With this function placed in a module in your plug-in path, create a Grade node with its black and white point set to the min and max values of the depth channel in the selected node, which automatically normalizes it:

minV, maxV = getMinMax(nuke.selectedNode())
grade =nuke.createNode('Grade')
grade['blackpoint'].setValue(minV)
grade['whitepoint'].setValue(maxV)

Or, more economically:

nuke.createNode('Grade', 'channels depth.Z blackpoint %s whitepoint %s' % examples.getMinMax(nuke.selectedNode()))

Using Sample

Here is a LUT example:

import nuke

def getLUT( size=1024 ):
    '''
    Get the current viewer process node and generate a simple lut from it
    args:
       size  -  size of resulting lut (default=1024)
    '''
    vpNode = nuke.ViewerProcess.node()
    vp = eval( 'nuke.nodes.%s()' % vpNode.Class() )
    _copyKnobsFromScriptToScript( vpNode, vp )
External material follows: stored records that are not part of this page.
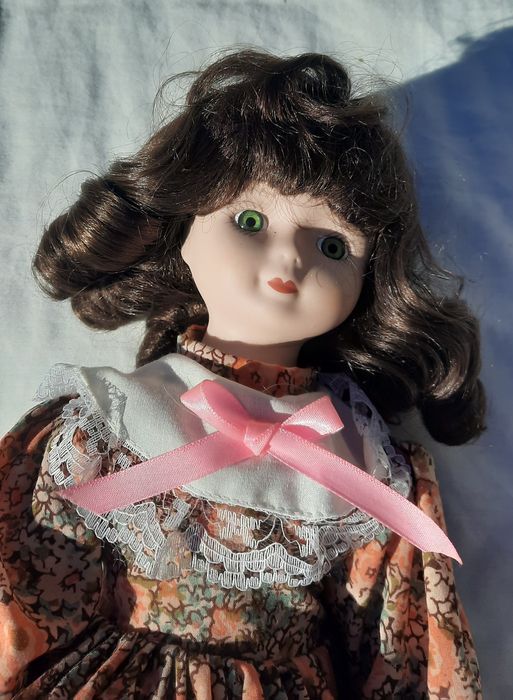 Boneca de Porcelana feita á mão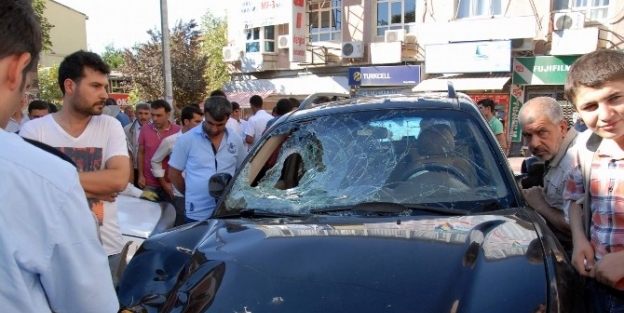 Ters Yöne Giren Araç Yayaya Çarpti
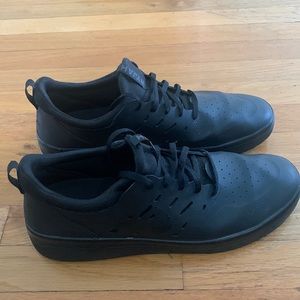 Nike Nyjah Huston Skating Shoes  Mens size 10.5 (US) All Black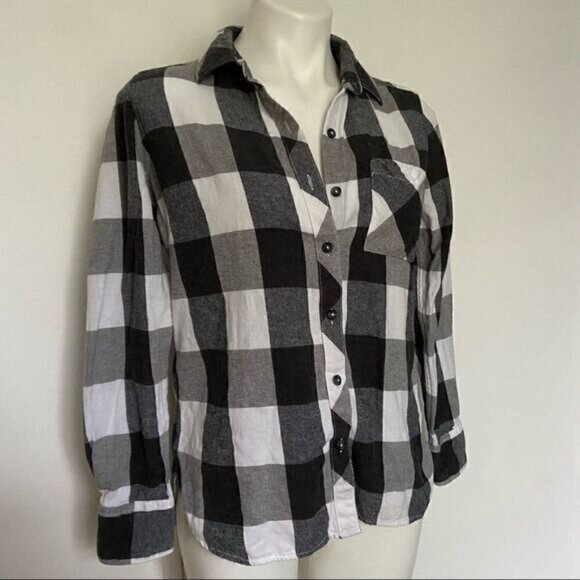 Woolrich Buffalo Check Plaid Button Down - Picture 9 of 10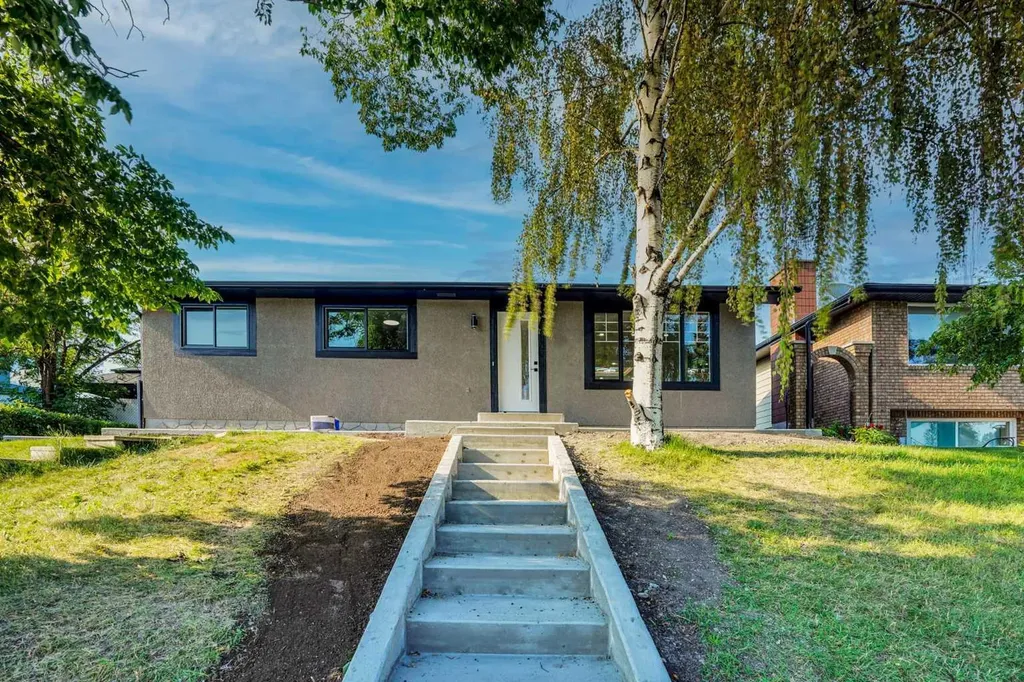 244 Huntridge Road NE Calgary AB T2K 4B6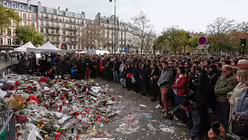 Schweigeminute in Paris nahe des Bataclan-Theaters / &copy; Laurent Dubrule (dpa)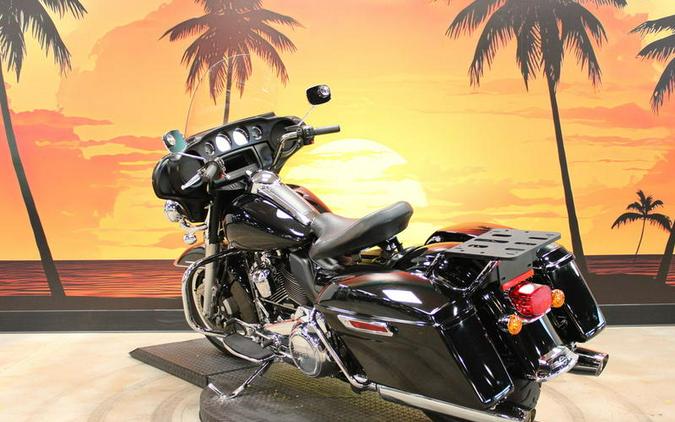 2024 Harley-Davidson® FLHTP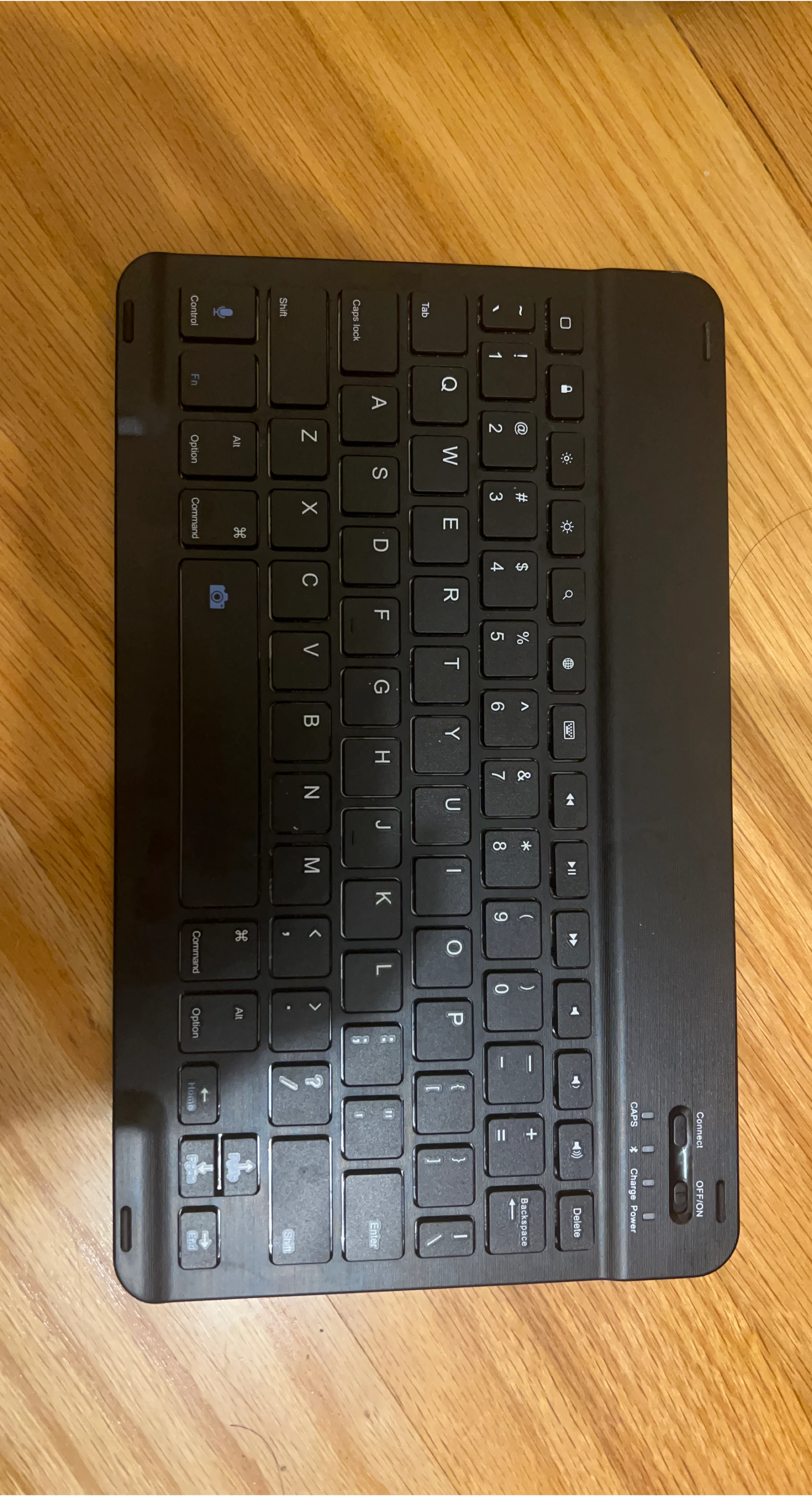 Black Wireless Keyboard (Bluetooth) thumbnail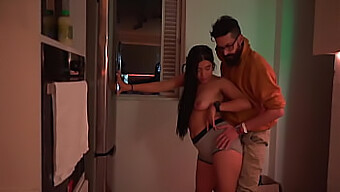 Hermosa Adolescente Colombiana Seduce A Cipriani En Su Cocina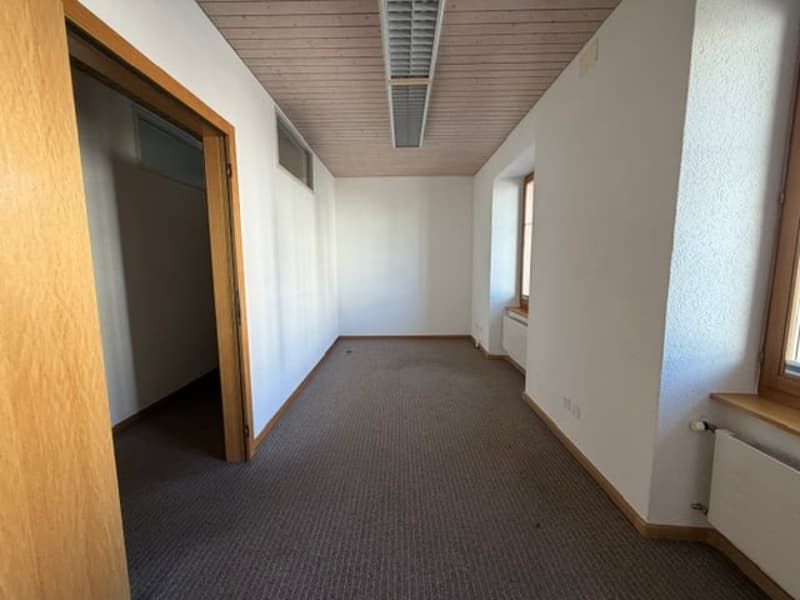 Bureau / Dépôt de 3 pièces à louer à Tavannes – disponible immédiatement (5)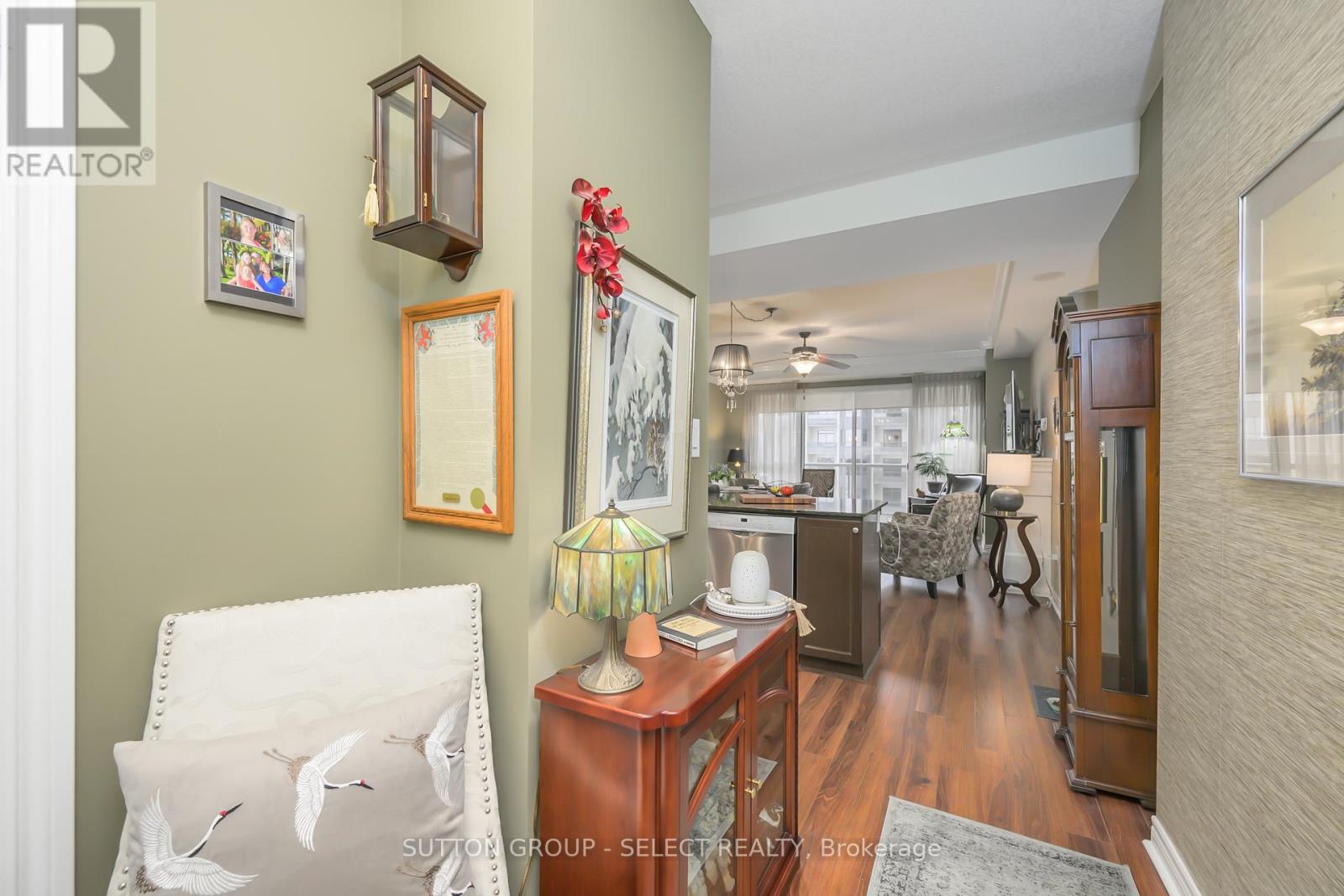 812 - 1030 Coronation Drive, London North, Ontario  N6G 0G5 - Photo 3 - X12540304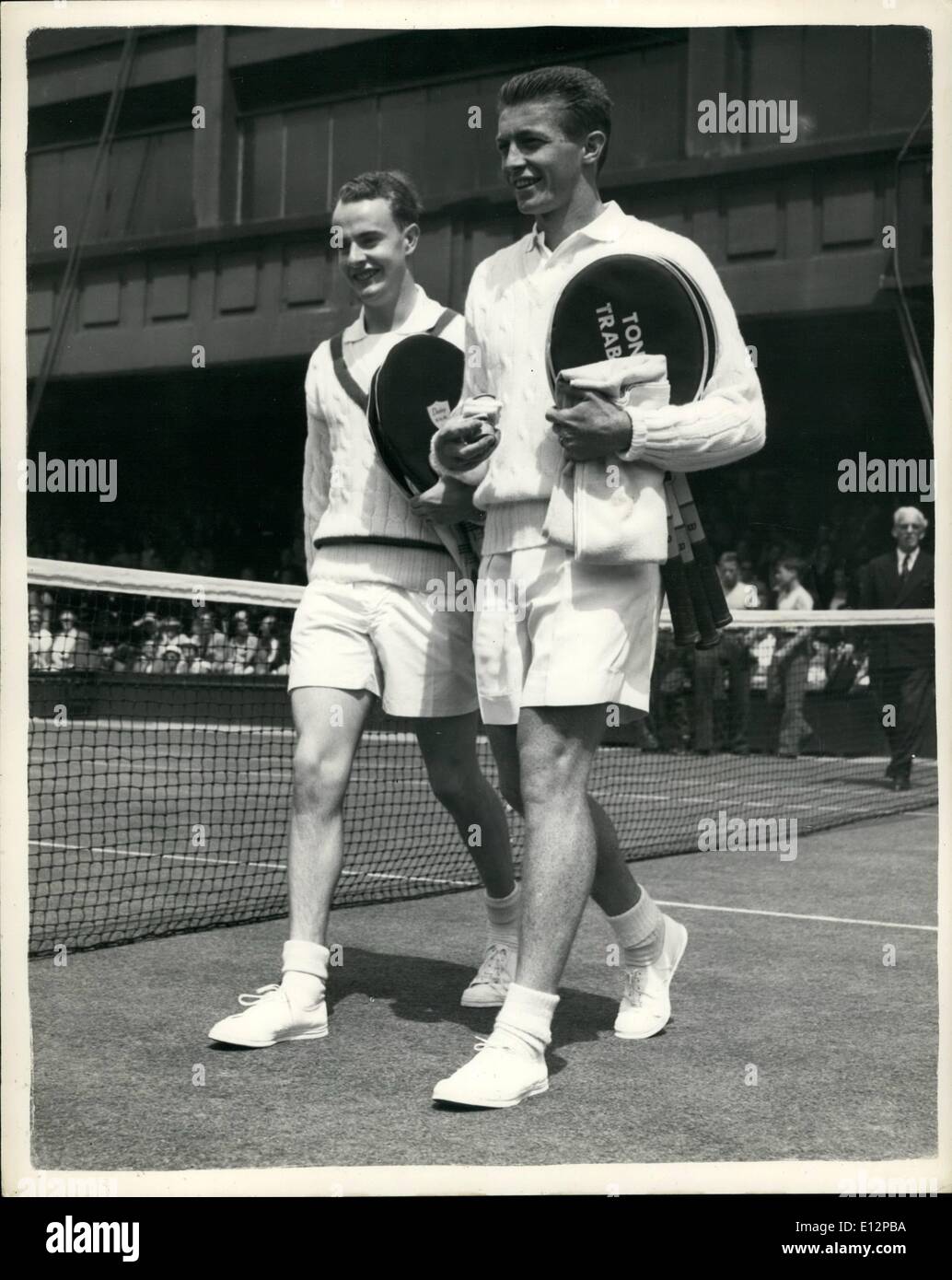 24. Februar 2012 - Wimbledon Trabert V Wilson. Keystone-Fotoshows:-.) R. K. Wilson (Kasten auf der linken Seite und Tony Trabert (U.S.A.), gehen Stockfoto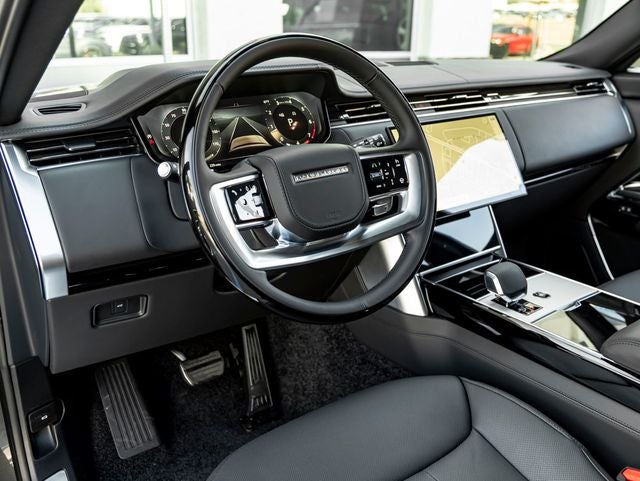 2026 Land Rover Range Rover SE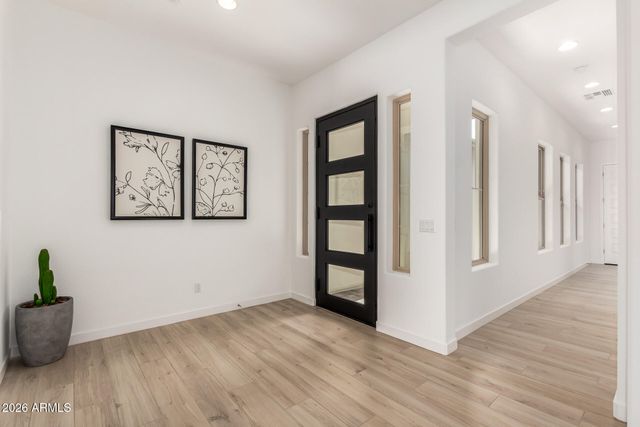 2642 E VIRGINIA Street, Mesa, AZ 85213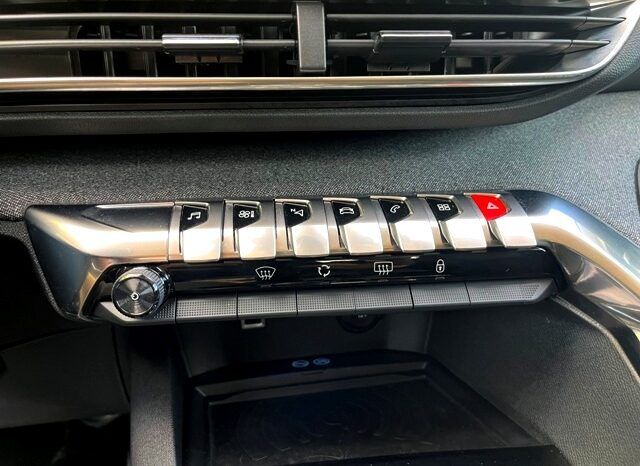 PEUGEOT 3008 ALLURE PACK 1.2i 130CV AT8 – AUTOMATICO AÑO 2021 lleno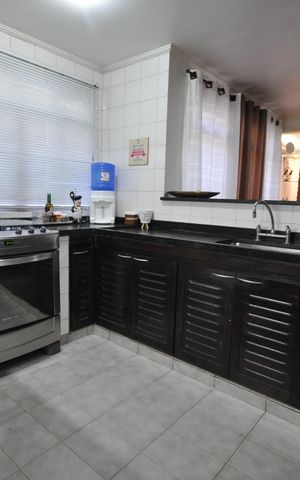 Casa à venda com 300m², 5 quartos e 4 vagasCozinha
    ramp = nuke.nodes.Ramp()
    ramp['p0'].setValue( (0, 0) )
    ramp['p1'].setValue( (size, 0) )

    vp.setInput(0, ramp )

    saturation = nuke.nodes.Saturation( saturation = 0 )
    saturation.setInput(0, vp )   
    lut = [ saturation.sample("rgba.red", i+.5, 0.5) for i in xrange( 0, size )]

    nuke.delete( saturation )
    nuke.delete( ramp )
    nuke.delete( vp )

    return lut

def createLutNode( lut ):
    '''
    Create a ColorLookup node to hold lut. The values are normalised.
    args:
        lut  -  list of floating point numbers
    '''
    lutNode = nuke.createNode( 'ColorLookup' )
    lutKnob = lutNode['lut']
    for i, y in enumerate( lut ):
        x = float(i) / len(lut) 
        lutKnob.setValueAt( y, x )

def _copyKnobsFromScriptToScript( srcNode, trgNode):
    '''
    Copy knobs between nodes.
    This function can also be found in the default menu.py
    args:
       srcNode  -  node to copy values from
       trgNode  -  node to copy values to
    '''
    srcKnobs = srcNode.knobs()
    trgKnobs = trgNode.knobs()
    excludedKnobs = ["name", "xpos", "ypos"]
    intersection = dict([ (item, srcKnobs[ item ]) for item in srcKnobs.keys() if item not in excludedKnobs and trgKnobs.has_key( item ) ])
    for k in intersection.keys():
        trgNode[ k ].fromScript( srcNode[ k ].toScript() )